Using deep learning to tag the genre, mood and instrumentation of an audio track
Over the last few years, neural networks have become the go-to technique for various music classification tasks, one of them being automatic genre tagging. Such networks, when trained properly, are powerful tools to enrich databases with metadata about audio files, i.e. tempo and musical key. At AI Music we need quick access to tools like these to use in our data pipelines. Examples of what a tagging tool could be used for: determining the bpm of a song in an automated ‘DJ mix’ in order to select a song of a fitting tempo that follows, or tagging and grouping our catalogue using key, tempo and other features.
Apart from obtaining musical key and tempo data, neural networks also give the possibility to train a system to detect the genre, mood and instrumentation of a musical piece. More accurately, it is the Convolutional Recurrent Neural Network (CRNN) that has achieved very good results in music classification. Given a big enough, accordingly labeled dataset, a Convolutional Neural Network (CNN) can be trained to be used to achieve a highly accurate music tagging tool.
In this article we will briefly explore two types of deep neural network architectures: CNN & CRNN and how they perform when trained using our datasets. Both the CNN and CRNN have been trained for the same tasks of classifying genre, mood and instrumentation. This has produced 6 models (3x CNN and 3x CRNN). The parameters of the architectures remained the same for each task, excluding some hyperparameters which have been optimised for each task individually.
Data and Features
The data that has been used to train both architectures (CNN & CRNN) consists of a large amount of Audio recordings with attached metadata containing the ground truths about the genre, mood and instrumentation of each recording. Among others, the IRMAS and MagnaTagATune datasets have been used for training. Each task has a different amount of classes: in our case the models have been trained on 30 different genres, 20 moods and 20 various instrumentation types. Here are some examples of classes for each task:
Genre: rock, indie, drum and bass, techno
Mood: sad, cheerful, eerie, euphoric
Instrumentation: tuned percussion instruments, electric guitar, violin, saxophone
Every class was randomly and evenly sampled to obtain a varied and non-skewed dataset. For faster training of the models, the data has been downsampled to 16,000 kHz and split into 30 second excerpts.

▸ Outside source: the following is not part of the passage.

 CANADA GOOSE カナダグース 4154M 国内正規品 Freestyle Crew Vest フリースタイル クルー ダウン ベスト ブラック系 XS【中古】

In order for the model to learn meaningful information from the audio data, it needs various features on which it can base its weight adjustments. The most common form of feature extraction method for audio classification tasks is the mel spectrogram, which is a 2-dimensional matrix containing information about features of the audio which the models can learn from. By using the famous fourier transform algorithm, we can transform the audio signal from the time domain into the frequency domain. By taking the entire frequency spectrum and performing a mathematical operation on it, we convert it to the mel scale, so that equal differences in pitches sound equally different to the listener.

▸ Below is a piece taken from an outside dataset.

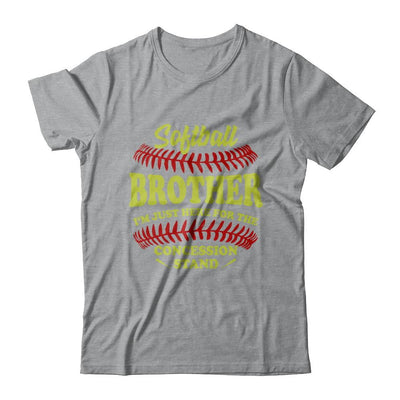 Softball Brother I'm Just Here For The Concession Stand-T-Shirt & Hoodie-Classic T-Shirt-Sport Grey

Multi-label Classification Problem
A certain musical genre can have influences from other musical genres. A musical piece might have more than one mood associated with it. When detecting the most prominent instrument in a recording, you might want to know what the second, or even third detected instruments are. Multi-class classification can be defined as a problem where depending on an input x, the output is a distribution of probabilities for each class in y. By considering the tasks of tagging genres, moods and instruments as multi-label classification problems and assigning more than one ground truth to a high percentage of the audio tracks used for training, it is possible to get the probability values for i.e. the top 3 moods associated with a track.
CNN
Since the rise of neural networks, there have been many different types of network architectures. One of the best-performing is CNN, also known as ConvNet. This architecture resembles the human visual cortex and performs convolution operations which reduce the dimensionality of the incoming data (images, in our case spectrograms) while extracting important features for classification. In short, the architecture is able to capture spatial and temporal dependencies in a spectrogram by applying relevant filters.

CRNN
The CRNN makes use of the CNN architecture for the task of feature extraction, while using gated recurrent units (GRU) placed at the end of the architecture to summarise the temporal information of the extracted features. The GRU unit is a simplified version of the long short-term memory unit (LSTM) and has been chosen because of its quicker training time and comparable results. It is a layer which is added on top of the CNN architecture in order to know how much of the past information from previous time steps to pass along to the future, and which information to drop. This makes it possible for the network to focus on features which it deems important. **** The CRNN is based on the CNN architecture used before, with a smaller convolution kernel size and the GRU units added after the 5th convolution layer.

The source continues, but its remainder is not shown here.